August 29, 2008
Customised Learning on the Way
Schools will soon be addressing the needs of the students in their individual communities.
Kevin Ryan, principal of Raroa Normal Intermediate and president of the Wellington Intermediate Schools Principals Association, says all schools are designing curriculums specific to their school.
It is part of the new national curriculum that was developed last year, and schools have till 2010 to implement it.
Mr Ryan says it will result in very customised learning for students, "and schools can start to look at what the needs of the students are in their particular school". This will be good for intermediates as they can focus on the many specific challenges facing Year 7 and 8 students.
"Raroa," Mr Ryan says, "is focusing on developing critical thinking skills.
"We want students to be engaged and challenged so they would be two of the hallmarks of a curriculum designed for here.
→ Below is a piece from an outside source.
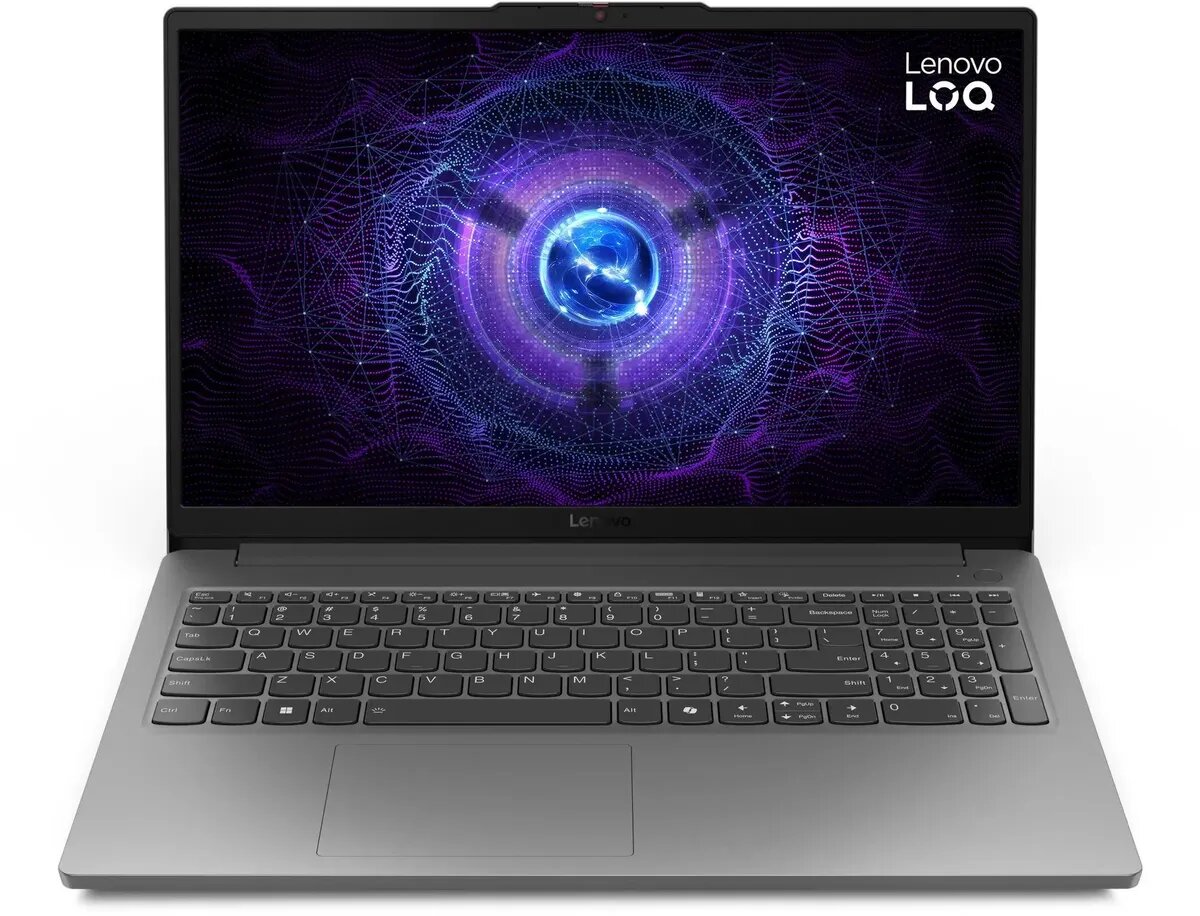 Ноутбук LENOVO LOQ 15IAX9E, Core I5-12450HX, 16GGB DDR5, 512GB SSD, 4GB RTX3050, 15,6 FHD IPS 144Hz, WHITE BACKLIT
"One of the things that has come out in research is that students who are engaged, or interested, will learn, and they will stay at school."
He says to get students really interested, there has to be what he calls authentic learning situations rather than artificial ones.
"So rather than learning about things just in case you might need to know them, it's about learning something just-in-time, rather than just- in-case teaching."
As an example, Mr Ryan says if a student had a scientific question, they would go away, do some research and then some experimentation.
"But in order to do that they would need to have some skills, such as statistics, to make sense of their results.
"So that's the time you link statistics with what they're doing. So you bring in elements when they need it, instead of teaching them a bunch of stuff that they might forget later on."
Mr Ryan says it will require a big adjustment in the way teachers teach.